## What the task asks
Below are the records; repeat exactly their lines between the line holding "Series 1 | 3Y+" and the line holding "2022 Toyota RAV4 Hybrid LE", inclusive, skipping the pictures.

## Material for the task
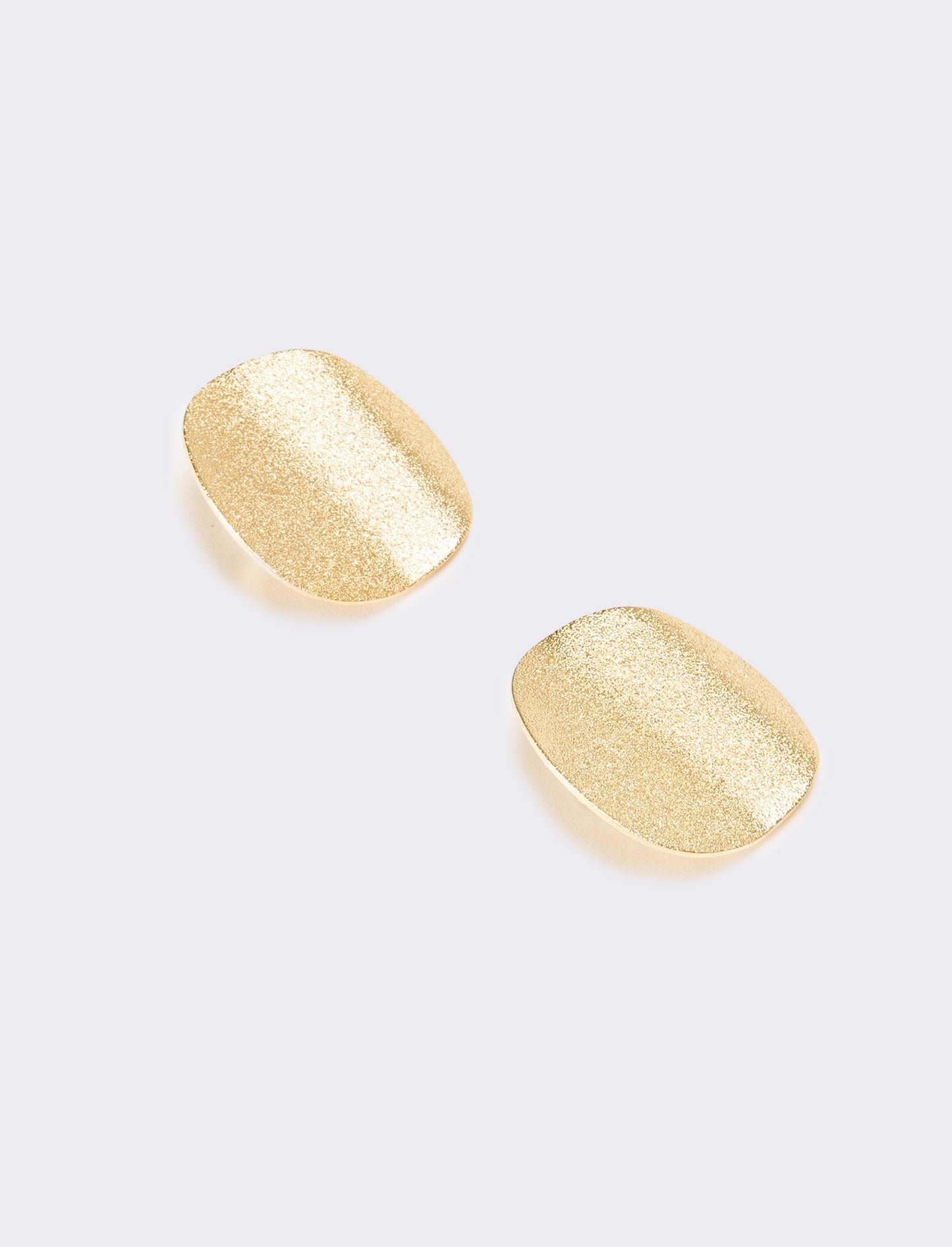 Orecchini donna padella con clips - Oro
* * *
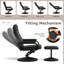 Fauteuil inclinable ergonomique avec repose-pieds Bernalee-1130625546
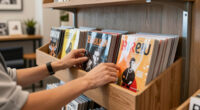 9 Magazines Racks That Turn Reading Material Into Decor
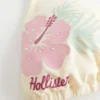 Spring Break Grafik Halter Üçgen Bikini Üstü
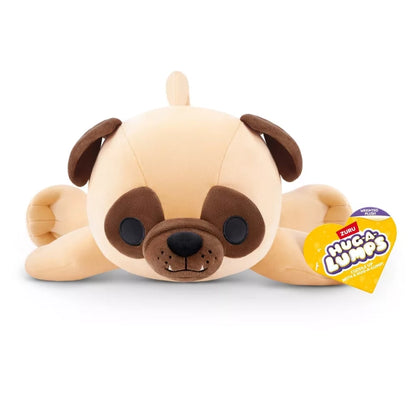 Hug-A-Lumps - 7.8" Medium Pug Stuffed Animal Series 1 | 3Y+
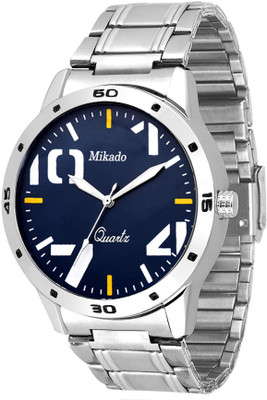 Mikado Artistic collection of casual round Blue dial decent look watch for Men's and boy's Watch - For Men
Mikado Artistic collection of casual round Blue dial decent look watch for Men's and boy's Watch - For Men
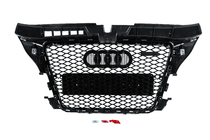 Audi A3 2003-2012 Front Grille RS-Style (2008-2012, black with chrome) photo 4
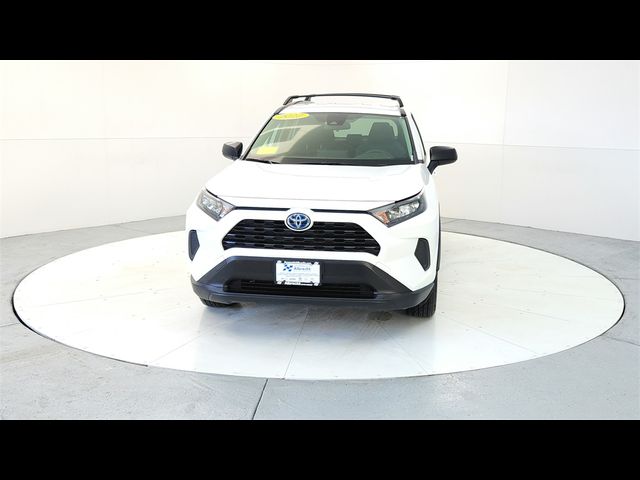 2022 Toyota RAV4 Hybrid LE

## Exercise solution
 Hug-A-Lumps - 7.8" Medium Pug Stuffed Animal Series 1 | 3Y+
 Mikado Artistic collection of casual round Blue dial decent look watch for Men's and boy's Watch - For Men
Mikado Artistic collection of casual round Blue dial decent look watch for Men's and boy's Watch - For Men
 Audi A3 2003-2012 Front Grille RS-Style (2008-2012, black with chrome) photo 4
 2022 Toyota RAV4 Hybrid LE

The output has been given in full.